![]() CD-recensie
© Siebe Riedstra, september 2013
|
Dit is geen bespreking van een recente cd, maar van een recente ervaring, die ik met orgelvrienden en nieuwsgierige muziekliefhebbers wil delen. Het label Brilliant bracht onlangs een intrigerende titel uit met de complete orgelwerken van de Oezjbeekse componist Georgi Mushel (in Nederland Moesjel). Bij beluistering begon er iets te kriebelen: de Toccata van Moesjel had ik eerder gehoord. Na wat googelen kwam ik terecht op de orgelsite van de NCRV, en jawel, daar prijkt die Toccata temidden van een aantal andere stukken van Oosteuropese snit, gespeeld door Bernard Bartelink op het orgel van de Kathedrale Basiliek te Haarlem.
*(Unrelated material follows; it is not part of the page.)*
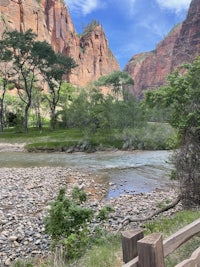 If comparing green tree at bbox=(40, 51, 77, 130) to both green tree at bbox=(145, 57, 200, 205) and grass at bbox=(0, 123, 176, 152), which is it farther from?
green tree at bbox=(145, 57, 200, 205)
Opeens wist ik het weer, in mijn hoekje met orgelklanken uit Rusland staat een juweel van een cd met repertoire dat je nergens anders tegenkomt. En zoals het altijd gaat met zulke uitgaven, ze verkopen moeilijk en als ze uitverkocht zijn is het einde verhaal. Bernard Bartelink mag best eens apart vermeld worden. Hij werd geboren in Enschede, in 1929, won het Improvisatieconcours Haarlem in 1961, en werd in 1971 organist van de Kathedrale Basiliek St. Bavo in Haarlem. Voor wie zijn godsdiensten niet paraat heeft: in Haarlem hebben ze twee Bavo’s, één voor de katholieken en één voor de protestanten. Die van de protestanten staat op de Grote Markt in de binnenstad en heeft een machtig orgel van Christiaan Müller, dat in Mozarts dagen het grootste van Europa was. Toen de katholieken in Nederland eindelijk uit hun schuilkerken mochten kruipen bouwden ze in de laatste decennia van de negentiende eeuw kerken tegen de klippen op. De kroon van hun werk werd de Basiliek aan de Leidsevaart in Haarlem, een indrukwekkend gebouw en een architectonisch topstuk van Jos Cuypers, zoon van de legendarische Pierre. In 1924 plaatste de firma Joseph Adema daar een drieklaviers transeptorgel, gesitueerd aan de linkerkand van het koor.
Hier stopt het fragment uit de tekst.